A young man, Koussaila, recounts the awakening of his unbridled sexuality in the arms of older women. In the closed world of suppressed desire in 1960s Algeria, he goes from the arms of his aunt to the schoolmaster's wife to those of a nun he meets in a cemetery. In a climate of mounting political unrest, Koussaila continues on his chaotic path of desire, self-disgust, women, and sex, attempting in vain to uproot his innermost self, torn between the world of Islam (in the pages of the Koran) and that of "Roumis." One day, however, he will be forced to choose. War, intolerance, and Islamic fanaticism are looming on the horizon.

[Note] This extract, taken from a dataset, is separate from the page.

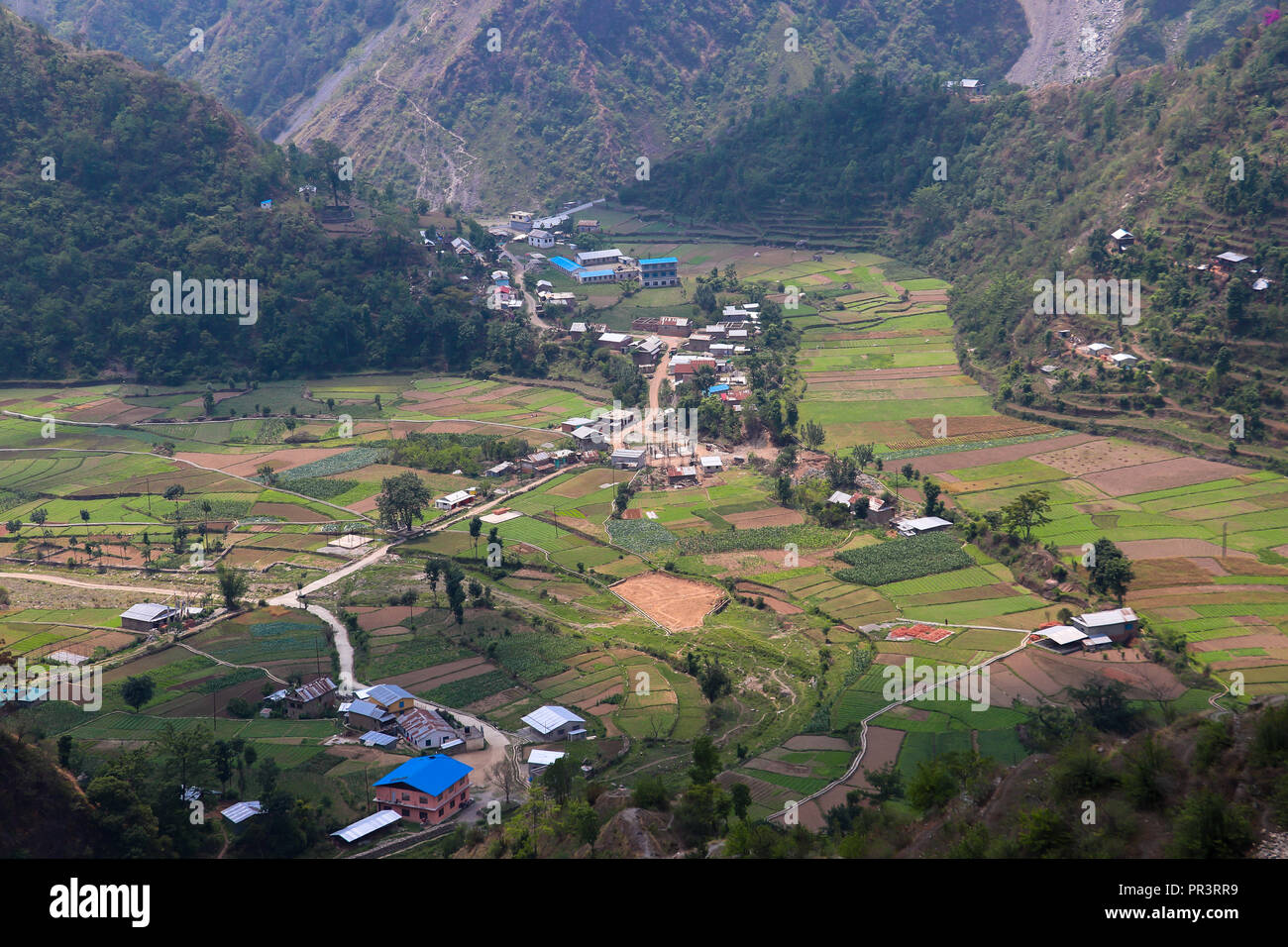 A small remote village surrounded by mountains in a rural area Stock Photo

Today, we see increasing focus on the impact Islamic nations have on the Western world, and the struggle between conservative and nationalist Islamic strands in Eastern countries. This is a novel that challenges established Islamic thought, and its radicalism in descriptions of sexuality across the generations will be of huge interest. Its influence could well be similar to that of The Yacoubian Building by Alaa Al Aswany. This is a beautifully written erotic novel, translated from the French by Frank Wynne, the prize-winning translator of Michel Houellebecq's Atomised and Platform.
Amin Zaoui is a writer and bilingual scholar (Arabic and French). He is currently in charge of the National Library in Algiers, and is the author of five novels that have been translated into a dozen languages, but never before into English.